Starting with the line that has "Rectangle Dining Table" and finishing with the line that has "Load image into", set down each line below exactly. Pictures are not copied.

-- -- --

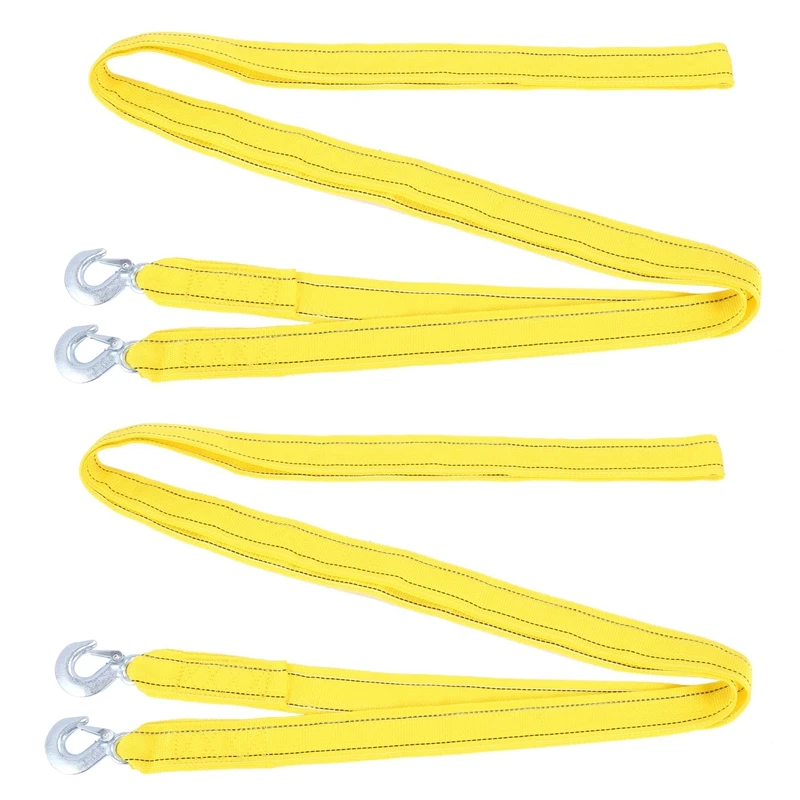 

2X 4M Heavy Duty 5 Ton Car Tow Cable Towing Pull Rope Strap Hooks Van Road Recovery
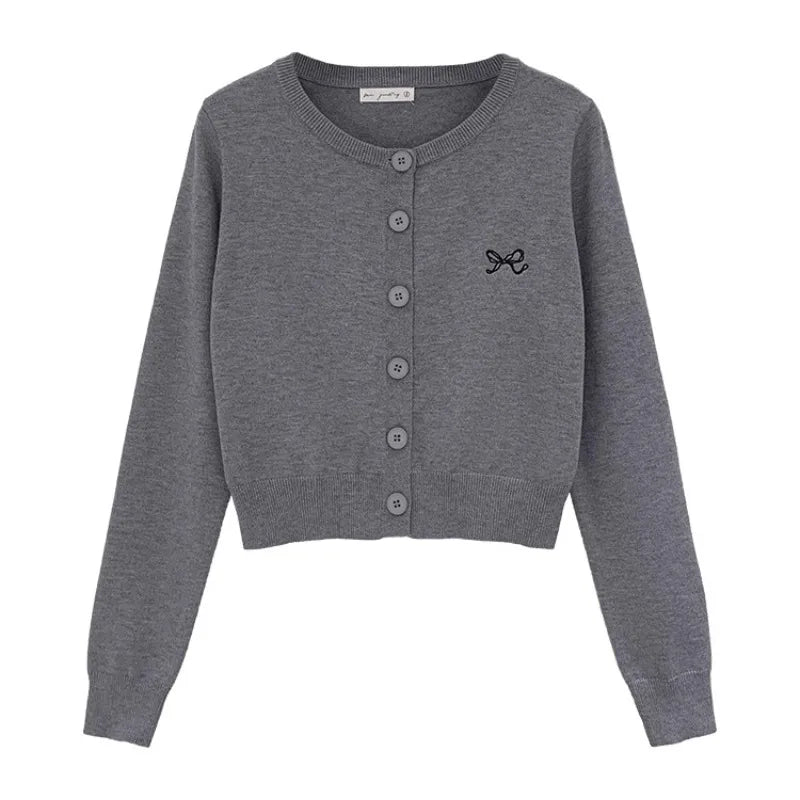 Women’s Embroidered Knit Cardigan | O-Neck Button Sweater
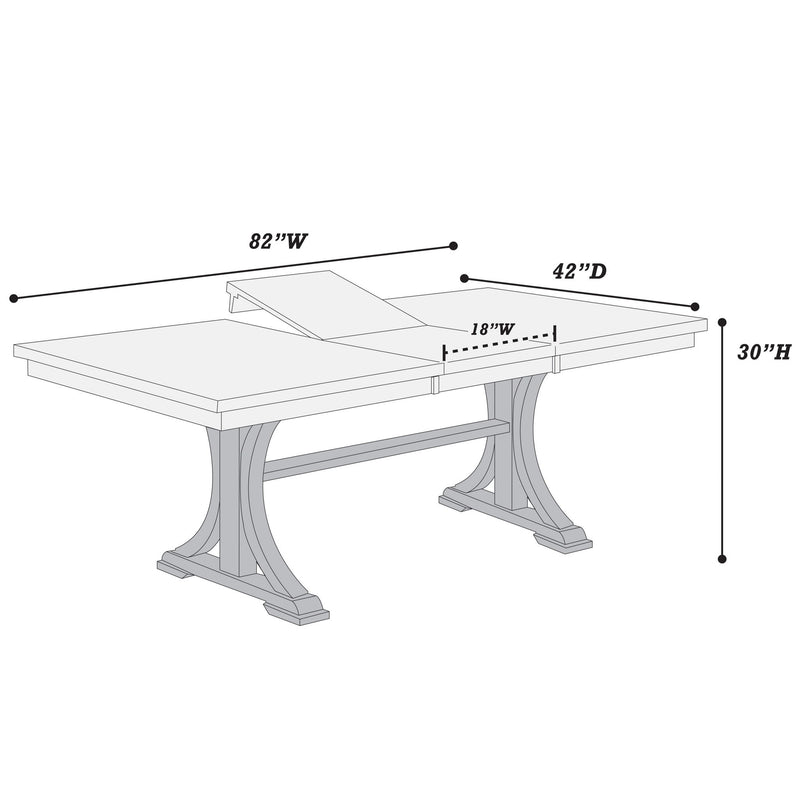 Rectangle Dining Table With Butterfly Leaf, Trestle Base - Charcoal
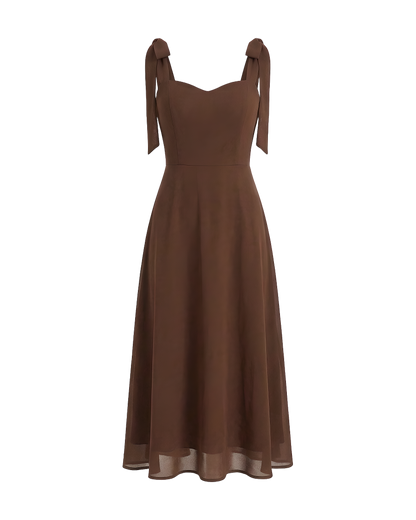 Tie Strap Sweetheart Midi Dress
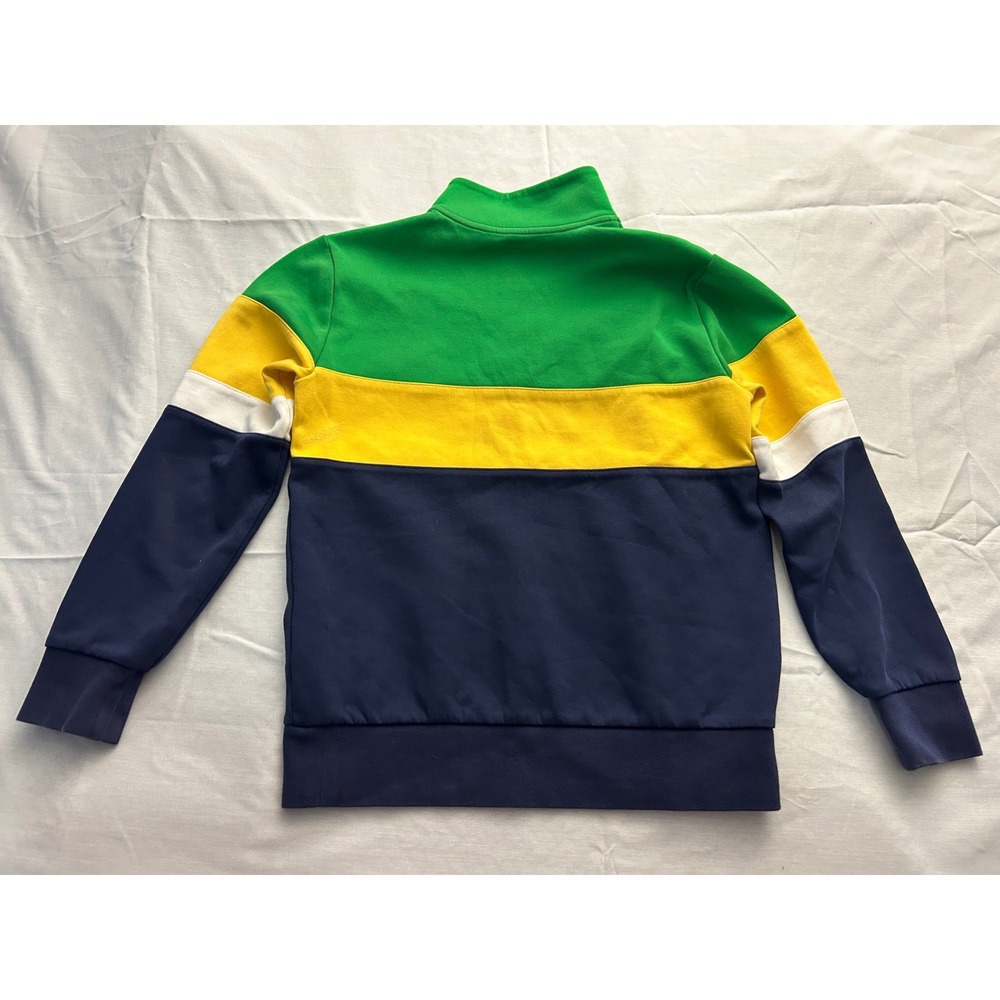Polo Ralph Lauren Kids M 10-12 Colorblock Quarter Zip Sweatshirt Green Navy Blue - Picture 2 of 8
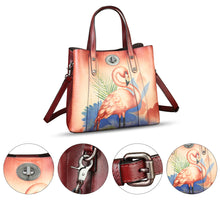 Load image into Gallery viewer, Genuine Leather Handbag Satchel for Women Hand Painted Leather Handmade Work Tote Bag Casual Shoulder Purse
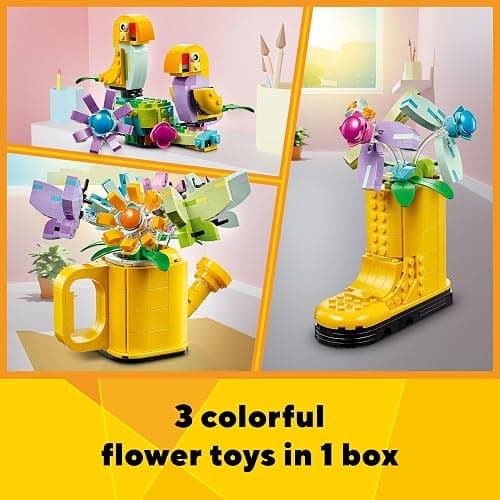 LEGO Creator 3 in 1 Flowers in Watering Can Building Toy Set - Fun, Creative Activity for Kids, Girls and Boys, Ages 8+ - Building Options for Rain Boots or Birds - Cute Birthday Gift Idea - 31149 thumbnail 2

-- -- --

Completed exercise >>
 Rectangle Dining Table With Butterfly Leaf, Trestle Base - Charcoal
 Tie Strap Sweetheart Midi Dress
Polo Ralph Lauren Kids M 10-12 Colorblock Quarter Zip Sweatshirt Green Navy Blue - Picture 2 of 8
 Load image into Gallery viewer, Genuine Leather Handbag Satchel for Women Hand Painted Leather Handmade Work Tote Bag Casual Shoulder Purse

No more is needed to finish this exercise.